* WORK TO COMPLETE:
Would you reproduce the whole listing exactly, dropping any pictures it holds?

··· COLLECTED MATERIAL ···

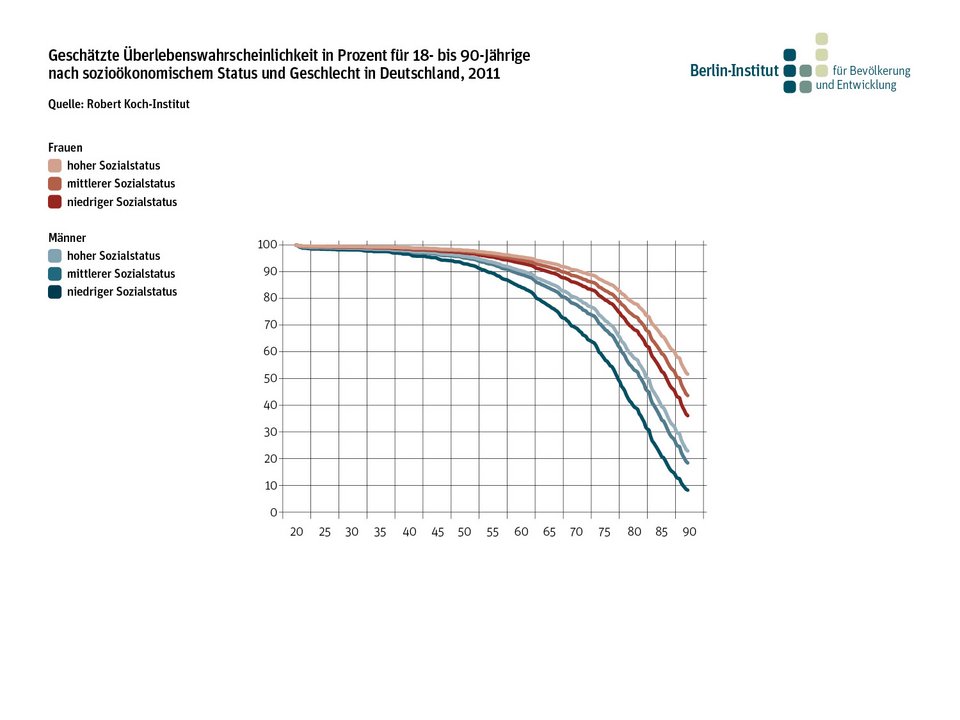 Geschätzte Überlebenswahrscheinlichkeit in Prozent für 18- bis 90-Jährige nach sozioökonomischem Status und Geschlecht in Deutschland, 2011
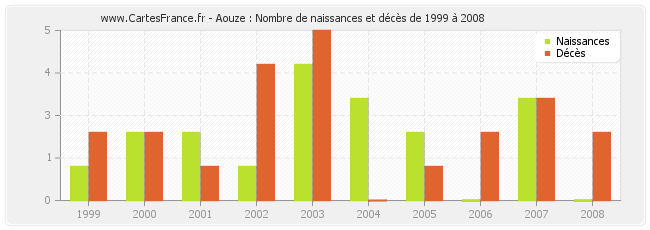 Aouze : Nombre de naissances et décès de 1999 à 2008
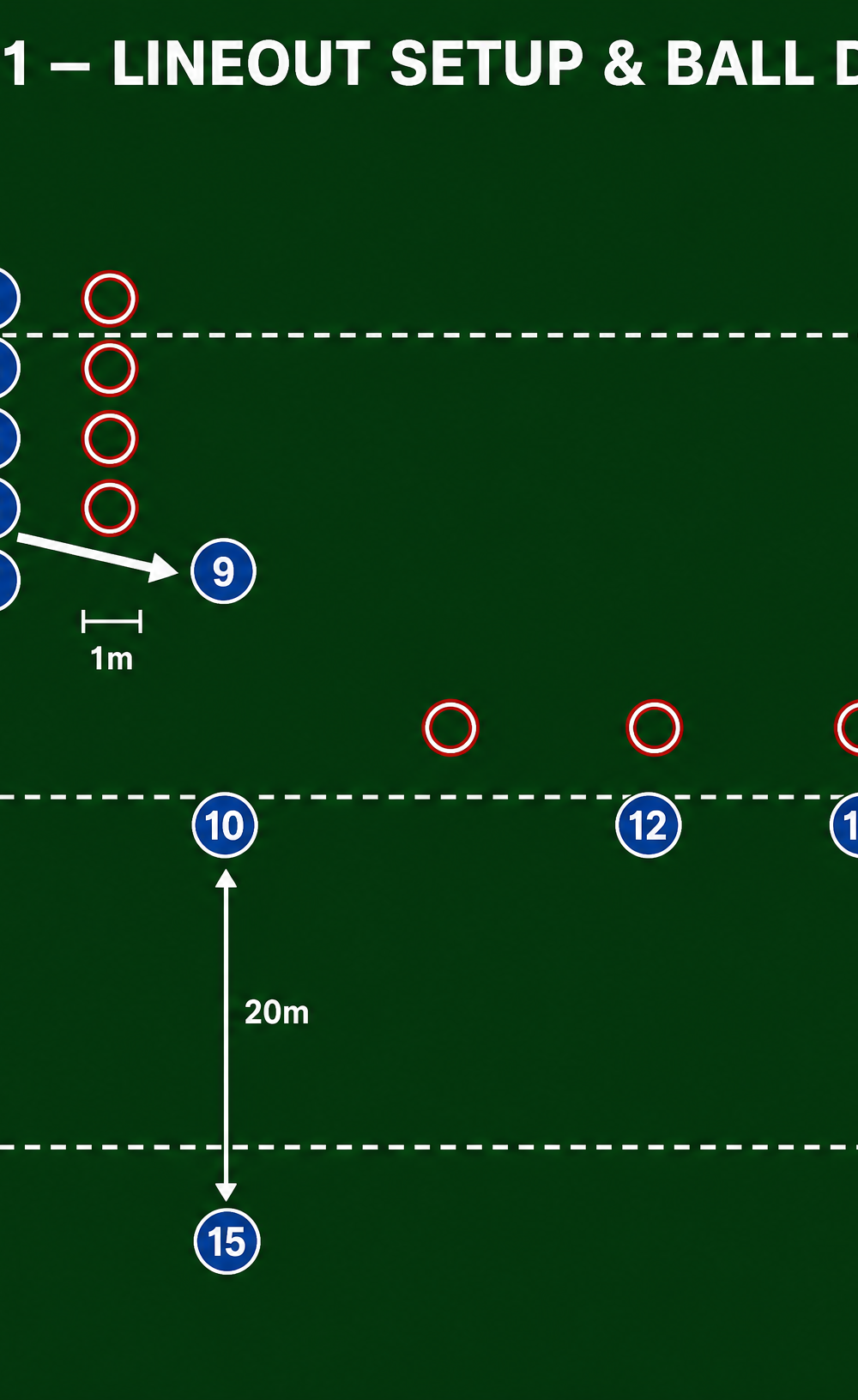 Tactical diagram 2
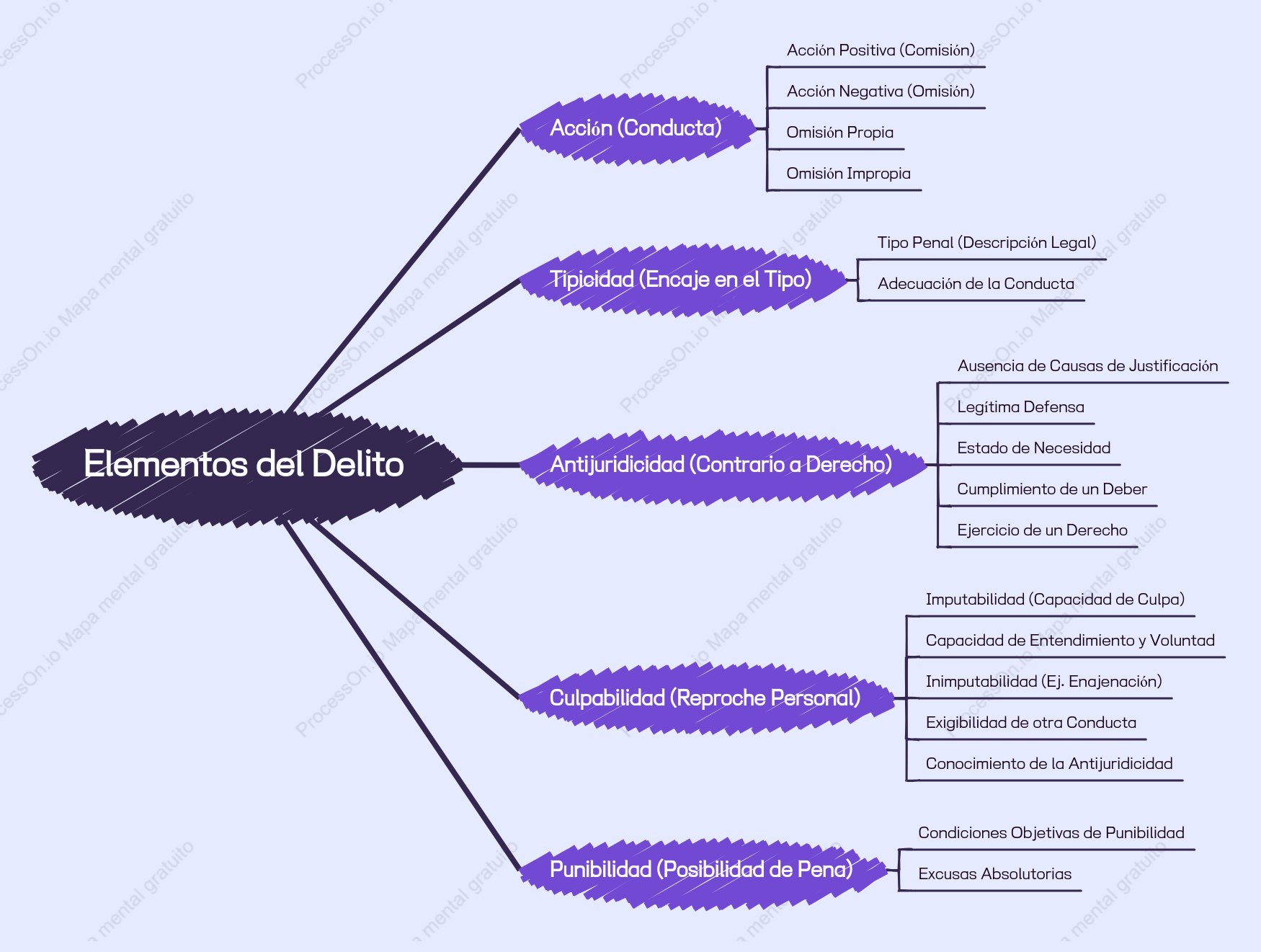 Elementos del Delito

···

* COMPLETED EXERCISE:
 Geschätzte Überlebenswahrscheinlichkeit in Prozent für 18- bis 90-Jährige nach sozioökonomischem Status und Geschlecht in Deutschland, 2011
 Aouze : Nombre de naissances et décès de 1999 à 2008
 Tactical diagram 2
 Elementos del Delito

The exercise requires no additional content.